Es cierto que hay lugares que son, al mismo tiempo, todos los lugares, porque conservan el alma de quienes alguna vez estuvieron allí o lo soñaron. Y Cádiz tiene uno de esos espacios atemporales, infinitos, que el Tiempo eligió de mirador: La Caleta. Ese rincón mágico que ha traducido el atardecer a todos los idiomas, ha derramado la misma luz sobre la toga de un emperador romano y sobre la camisa rota de un pescador de La Viña. En ese puerto eterno han fondeado comerciantes fenicios y piratas sin banderas, y sigue siendo faro para cualquier náufrago que busque el aliento que solo puede insuflarte un mar que ha visto tantas veces, entre barquillas y castillos de arena, cómo florecen y caen los imperios.
¿Y cómo son los ojos del Tiempo? Sin duda, como esos ojos que son, al mismo tiempo, todos los ojos, todas las miradas. A veces, de un color sangrante que deja en el horizonte las huellas de una batalla interminable entre la noche y la mañana; otras veces, de un azul dormido que apacigua la furia de Neptuno para acunar en la orilla el sueño de alguna sirena perdida; las más, de un color cambiante que va del verde al dorado y desemboca en el añil metálico de un crepúsculo que te envuelve lentamente. Los ojos del Tiempo han visto desde su mirador de La Caleta todas las vidas, y en cada vida, han llevado el recuento de cada beso y despedida, de cada lágrima, palabra y deseo.

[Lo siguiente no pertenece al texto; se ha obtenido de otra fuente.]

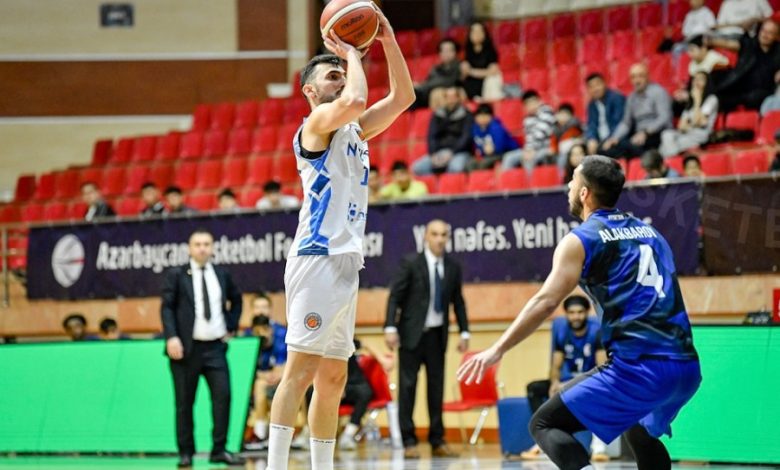 Azərbaycan çempionatında üçüncü yerin sahibi məlum oldu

Cuando observo la escultura de Fernando Quiñones presidiendo La Caleta, me gusta imaginarlo mirando, de frente, a los ojos de un Tiempo que lo saluda con cariño. Y es que, cuando el escritor gaditano paseaba recogiendo la basura de la playa, su playa, él ya sabía que no era arena y agua lo que limpiaba, sino los ojos de ese Tiempo que le dejaba asomarse, como un niño que mira el mar por primera vez, a las orillas limpias del pasado y del futuro. Si he tomado prestado el título de su novela y me he permitido vestir al Tiempo con mayúsculas, es porque Quiñones entendió como pocos lo que significaba perderse en ese Aleph particular de La Caleta. En el Aleph, Borges vio el lugar donde coinciden, sin confundirse, todos los lugares que existen, ese punto del espacio que contenía el mundo en su totalidad… En la Caleta, Fernando Quiñones vio ese rincón desde el que Nono narraba sus vidas pasadas, sus muertes pasadas, hasta un presente que no dejará nunca de latir.

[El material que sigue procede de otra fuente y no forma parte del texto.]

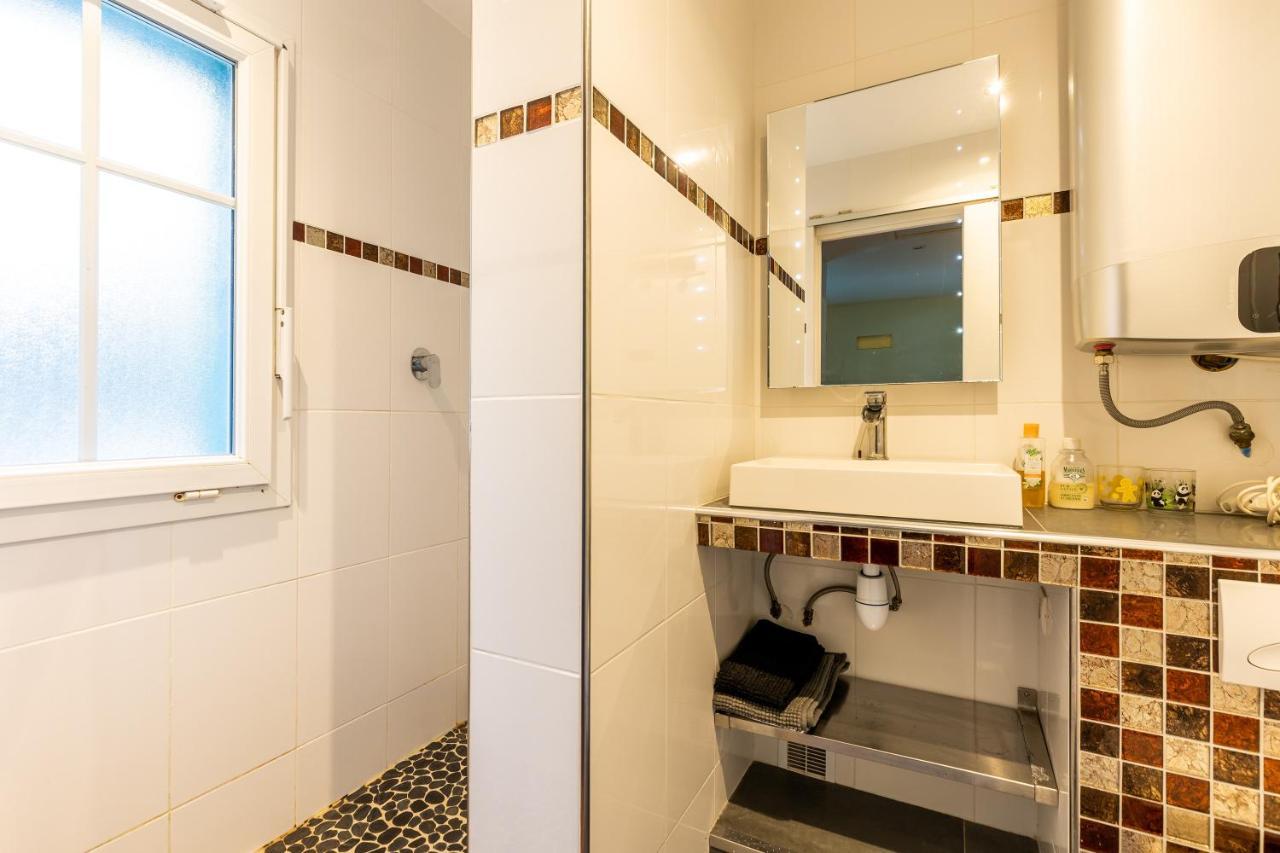 לאקאנו Maison Avec Vue, Ideale Familles מראה חיצוני תמונה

A veces he dibujado en mi mente, con cierta tristeza, un paseo imaginario en el que Quiñones lleva a su amigo y admirado Borges a La Caleta. Pero luego, miro atentamente a los ojos del Tiempo y comprendo que Borges también está allí, en aquel rincón, paseando con Quiñones. Y que ambos sonríen conmigo más allá del tiempo, viendo cómo sus cuentos y poemas se quedaron para siempre enredados en las rocas, o dormitan en cada libro que, salpicado de arena, aguarda que unos ojos mortales, como los míos, lo abran para sentir cómo la marejada le acerca en cada ola un jirón de eternidad.
Si en algún momento sientes la necesidad de perderte en el vértigo tranquilo de unos ojos que lo han visto todo, dirígete a esa playa gaditana. Allí tal vez te encuentres con esas personas que fuiste alguna vez, antes de ser quien eres ahora. O tropieces, casi sin querer, con quien podrías haber sido si no fueras tú. Y quizás, por qué no, te veas reflejado en esos niños que dibujan el futuro entre risas y juegos, indiferentes todavía a unos ojos a veces esquivos, pero siempre inevitables: los ojos del Tiempo. Con suerte, si tu mirada se cruza con la suya, podrás sacudirte por un momento las preocupaciones cotidianas para adentrarte en ese mar atemporal que te esperaba desde siempre.